Fourth District: Attorneys Fees Awarded When Draft Complaint Sent to Insurer Prior to Insurer's Appraisal Demand

In Lewis v. Universal Property and Casualty Insurance Co. (4D08-2516), the Fourth District reviewed the circuit's order denying the insured attorneys fees.

The plaintiffs property was damaged during hurricane Wilma and the plaintiff filed a claim with its insurer for a new roof. The insurer stated it would pay for the cost of replacing "one square foot of concrete tile and 120 linear feet of ridge tiles, and that the remainder of the loss was the result of aging, wear and tear, or construction deficiencies."

The insured and insurer participated in a mediation, that resulted in an impasse. After the impasse, on February 13, 2007, the insured retained counsel and the attorney sent a demand letter to the insurer and attached a draft complaint.

After receiving the draft complaint, on February 20, 2007, the insurer demanded appraisal and expressly reserved the right to "deny the claim." On March 7, 2007, the insured filed a lawsuit.

The parties participated in an appraisal [the lawsuit was stayed] and after the appraisal the insurer sought attorneys fees under 627.428(1), Fla. Stat. The court stated:
The purpose behind section 627.428 is . . . to place the insured . . . in the place she would have been if the carrier had seasonably paid the claim or benefits without causing the payee to engage counsel and incur obligations for attorney’s fees.


Florida’s cases have uniformly held that a section 627.428 attorney’s fee award may be appropriate where, following some dispute as to the amount owed by the insurer, the insured files suit and, thereafter, the insurer invokes its right to an appraisal and, as a consequence of the appraisal, the insured recovers substantial additional sums.


There are far fewer cases addressing an insured’s entitlement to fees in the circumstance where suit is filed after the insurer invokes the appraisal process. This was, however, the circumstance in both Travelers Indemnity Insurance Co. of Illinois v. Meadows MRI, LLP, 900 So. 2d 676 (Fla. 4th DCA 2005), and Federated National Insurance Co. v. Esposito, 937 So. 2d 199 (Fla. 4th DCA 2006). The decisions in these cases plainly indicate that whether suit is filed before or after the invocation of the appraisal process is not determinative of the insured’s right to fees; rather, the right to fees turns upon whether the filing of the suit served a legitimate purpose.

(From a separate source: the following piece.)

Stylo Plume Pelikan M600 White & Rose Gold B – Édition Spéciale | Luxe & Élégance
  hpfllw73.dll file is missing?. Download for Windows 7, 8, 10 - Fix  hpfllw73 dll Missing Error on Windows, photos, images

In distinguishing Meadows, the Esposito court noted, among other things, that, in Meadows, there was a coverage dispute and the declaratory judgment action was necessary to proceed with the appraisal process.


We believe that the instant case is more akin to Meadows and that the insureds were entitled to fees. Here, more than a year after the loss, the insurer was taking the position that the bulk of the damage to the roof was not covered and indicating to the insured that it intended to take no further action and was “closing [its] file.” The insureds thus invoked their right to mediation under the insurance contract. When this failed to resolve the dispute, the insureds hired counsel and threatened suit, sending the insurer a draft complaint, stating a claim for breach of contract. Only after the insureds’ counsel sent the letter and draft complaint did the insurer invoke its right to an appraisal and, even in invoking such right, the insured asserted it was retaining the right to deny the claim.